The Aramean Genocide (also known as Sayfo or Seyfo) was committed against the Aramean (Syriac) population of the Ottoman Empire during the First World War. The Aramean population of northern Mesopotamia (the Tur Abdin, Hakkari, Van, Siirt regions of present-day southeastern Turkey and the Urmia region of northwestern Iran) was forcibly relocated and massacred by Ottoman (Turkish) and Kurdish forces between 1914 and 1920.

The death toll of the Aramean genocide was approximately 250,000, according to contemporary and more recent sources. The Los Angeles Times reported in 1918 that US Ambassador Morgenthau said that the Ottoman Empire had "massacred fully 2,000,000 men, women, and children -- Greeks, Arameans, Armenians; fully 1,500,000 Armenians." With 250,000 Greeks among the dead, that makes Ambassador Morgenthau's estimate of Aramean deaths about 250,000.

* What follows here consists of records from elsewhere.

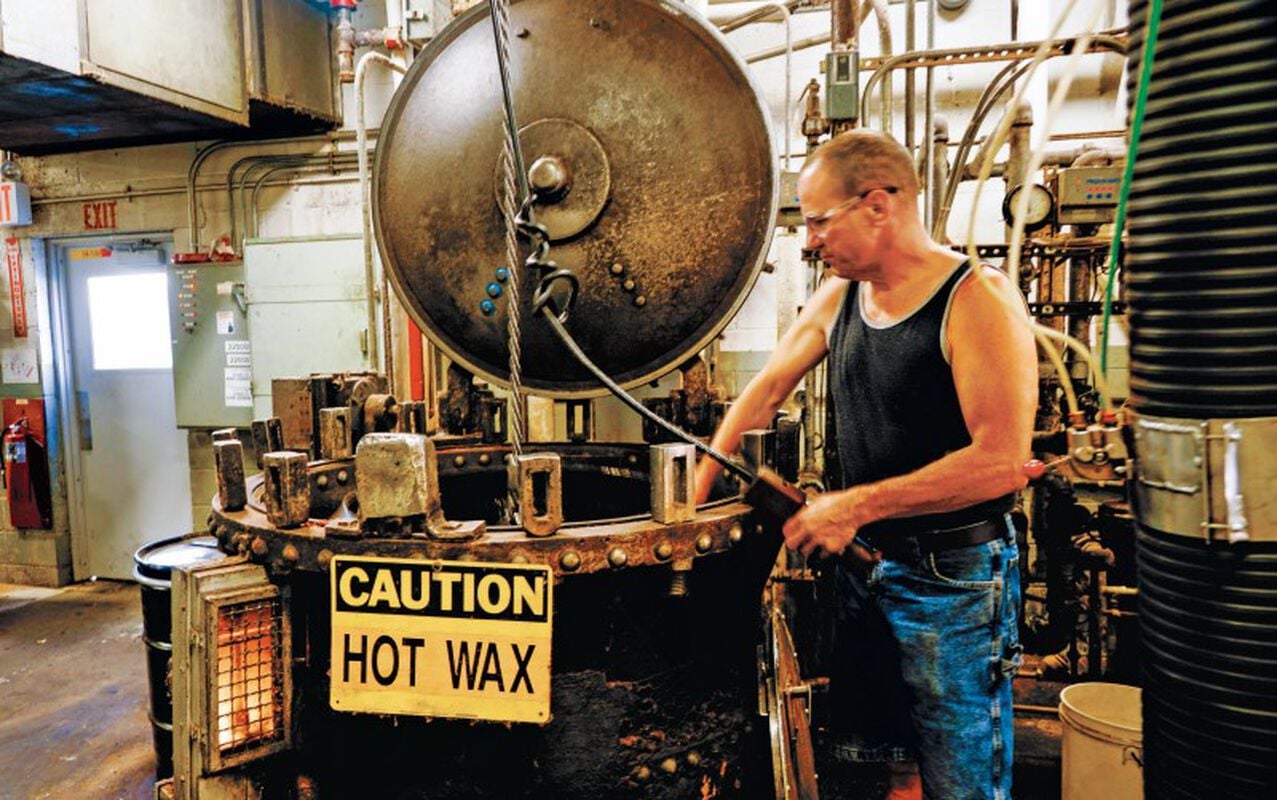 Worker at the hot wax basket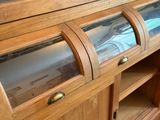 a wooden cabinet with a glass door on top of it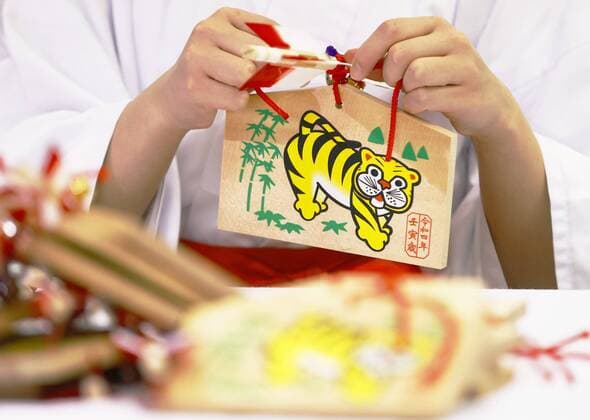 Decorative arrows for New Year Making of hamaya decorative arrows for New Year is under way at Atsuta Jingu shrine in Nagoya, central Japan, on Dec. 2, 2021. An ema votive tablet with an illustration of a tiger is attached to each arrow as 2022 is the year of the tiger in the Chinese zodiac.  A14AA0001155569P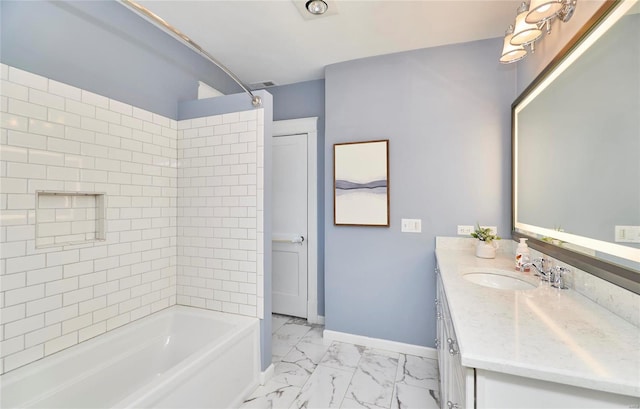 bathroom with vanity and tiled shower / bath combo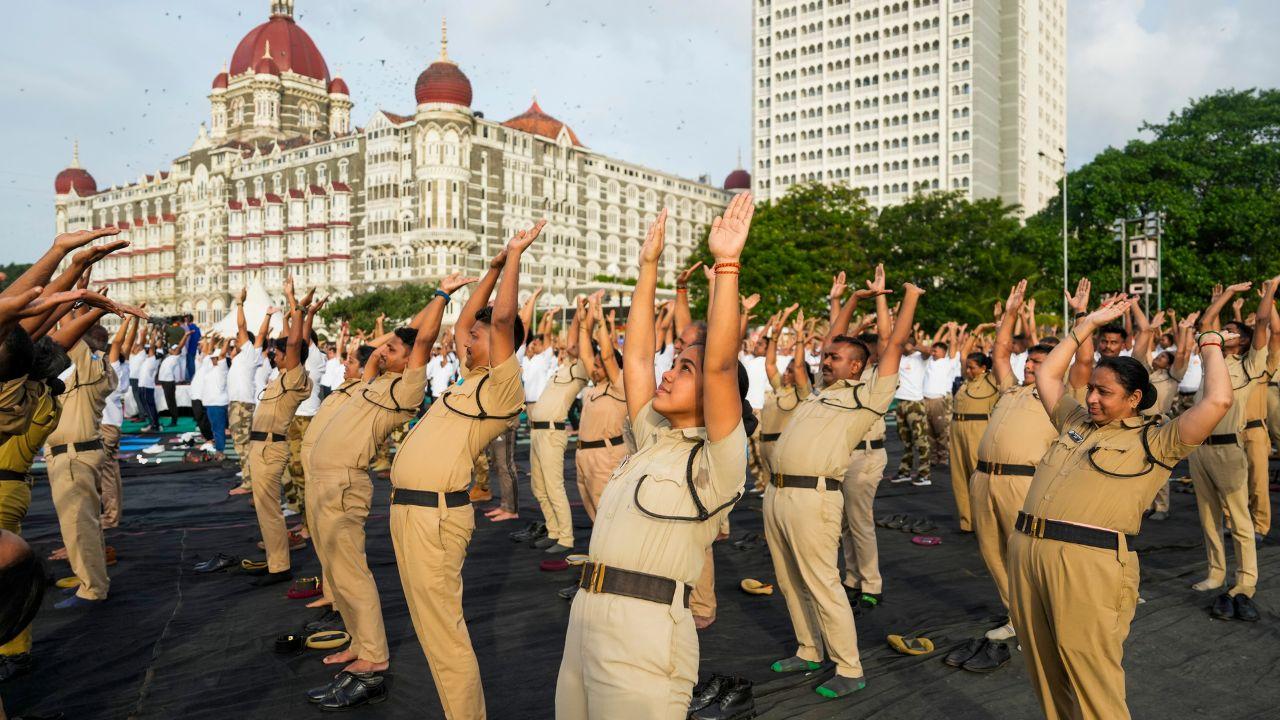 Mumbai Police strike a pose during a yoga session in the city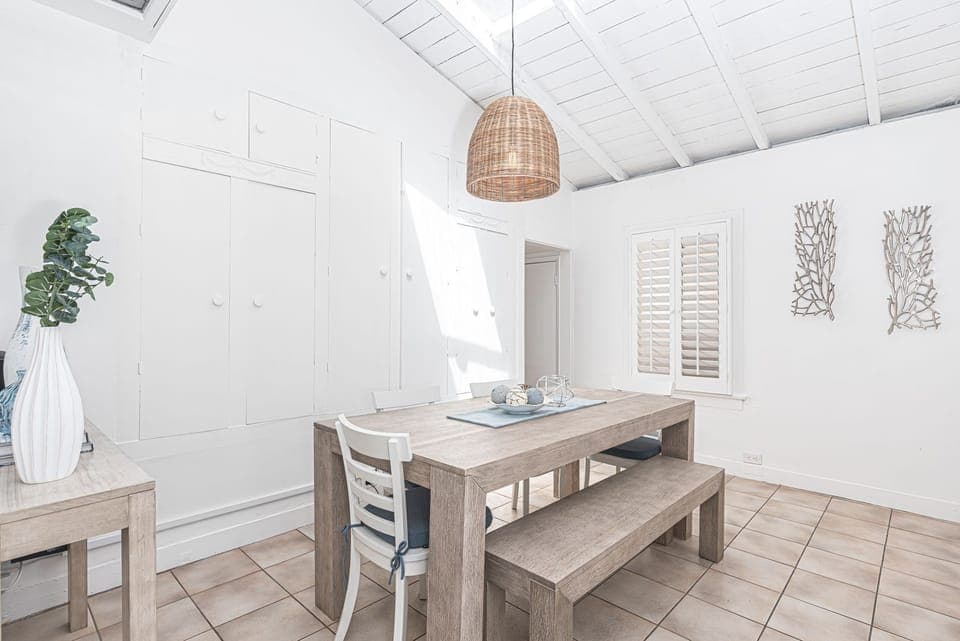 Gather around the dining or game table in the dining room, comfortably seating six, where meals and memories are shared.
                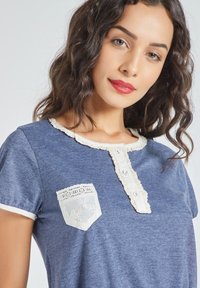 Una joven con cabello rizado lleva una camisa azul con un cuello de encaje y un bolsillo decorativo, sonriendo a la cámara.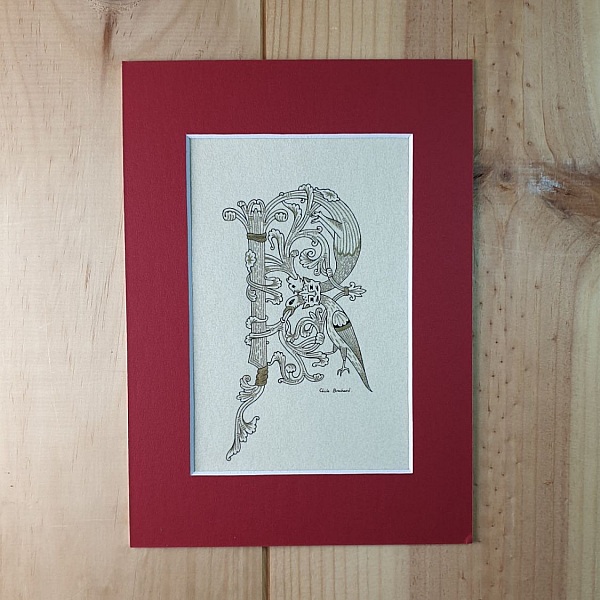 Belyst bokstav R i romansk stil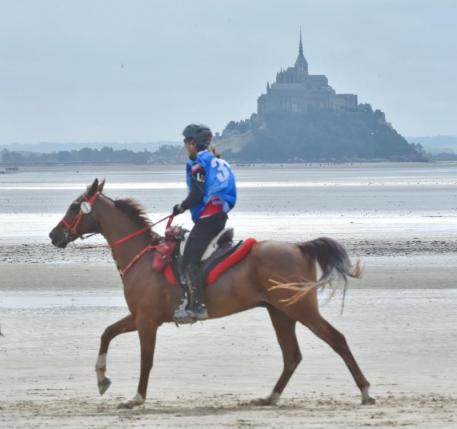 Jessica Manness and Greater Glide loping down the beach across from Bay of Mont Saint Michel. Photo by Diana DeRosa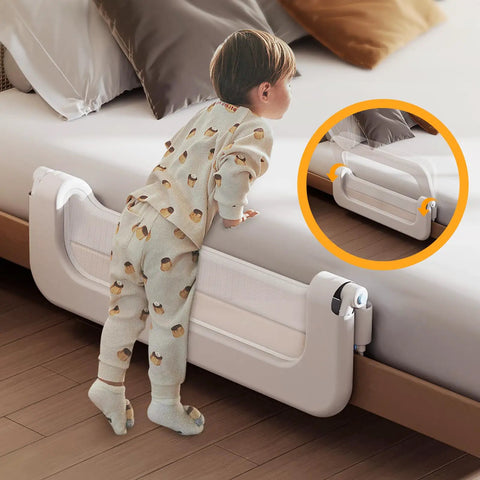 Toddler Bed Rail Guard With 14 Height Adjustable And Swing Down Design For Extra Tall Child Safety On Queen King Twin And Bunk Beds Easy Fold No Fuss One Click Setup For Safer Sleep in beige with a toddler leaning on it.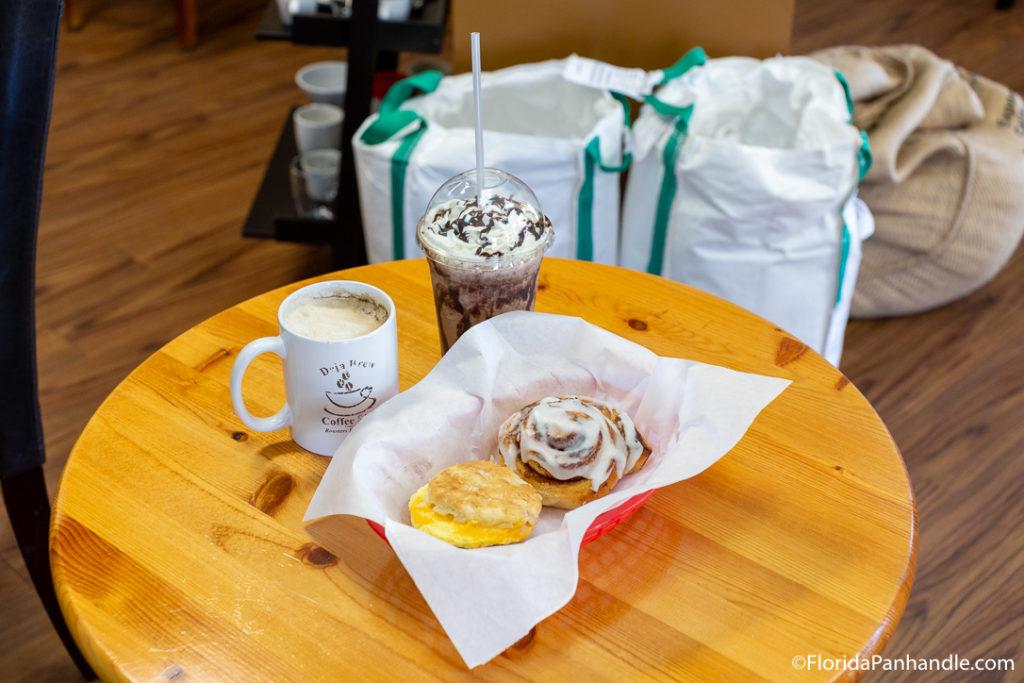 a cinnamon roll and egg breakfast sandwich with a hot coffee and a frozen coffee at Roasters Edge Coffee Roastery & Deja Brew Coffee Shop 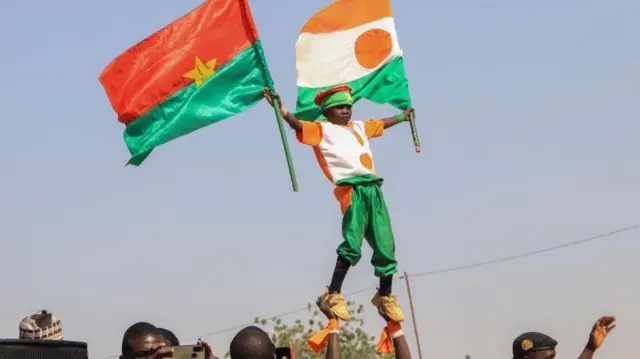 Wani mutum rike da karamin yaro ɗauke da tutar Burkina Faso da ta Nijar.
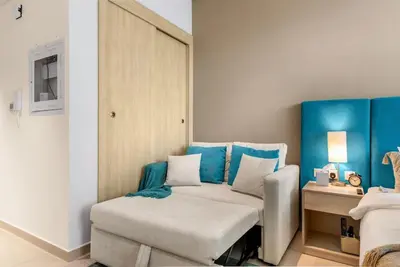 a room with a bed and a couch and a table at Stunning Palm Studio - Rooftop Infinity Pool & Private Beach Access - MaxStays in Dubai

The Aramean genocide took place in the same context and time-period as the Armenian and Greek genocides. Modern sources usually describe the events as an Aramean genocide, along with the Armenian genocide and Greek genocide by the Ottoman Empire, listing the Greek Orthodox, Syriac Christian and Armenian Christian as victims together. For example, the International Association of Genocide Scholars reached a consensus that "the Ottoman campaign against Christian minorities of the Empire between 1914 and 1923 constituted a genocide against Armenians, Arameans, and Pontian and Anatolian Greeks." After this resolution, the Dictionary of Genocide, co-authored by eminent genocide scholar Samuel Totten, an expert on Holocaust education and the genocide in Darfur, contained an entry on the "Aramean genocide."[7] The President of Genocide Watch endorsed the "repudiation by the world's leading genocide scholars of the Turkish government's ninety-year denial of the Ottoman Empire's genocides against its Christian populations, including Arameans, Greeks, and Armenians."


The Aramean genocide is sometimes also referred to as Sayfo or Seyfo in English language sources, based on the Aramaic designation Saypā (ܣܝܦܐ), "sword", pronounced as Seyfo, and as Sayfo in the Western dialect (the term abbreviates shato d'sayfo "year of the sword"; compare the use of Shoah in English based on the Hebrew ha-Šoah).

The Aramaic name Qeṭlā ḏ-‘Amā Ārāmāyā, which literally means "killing of the Aramean people", is used by some groups to describe these events. The word Qṭolcamo (ܩܛܠܥܡܐ) which means Genocide is also used in Aramean diaspora media. The term used in Turkish media is Süryani Soykırımı.


Recognition
On 11 March 2010, the Genocide of the Arameans was officially recognized by the Parliament of Sweden, alongside that of the Armenians and Pontic Greeks.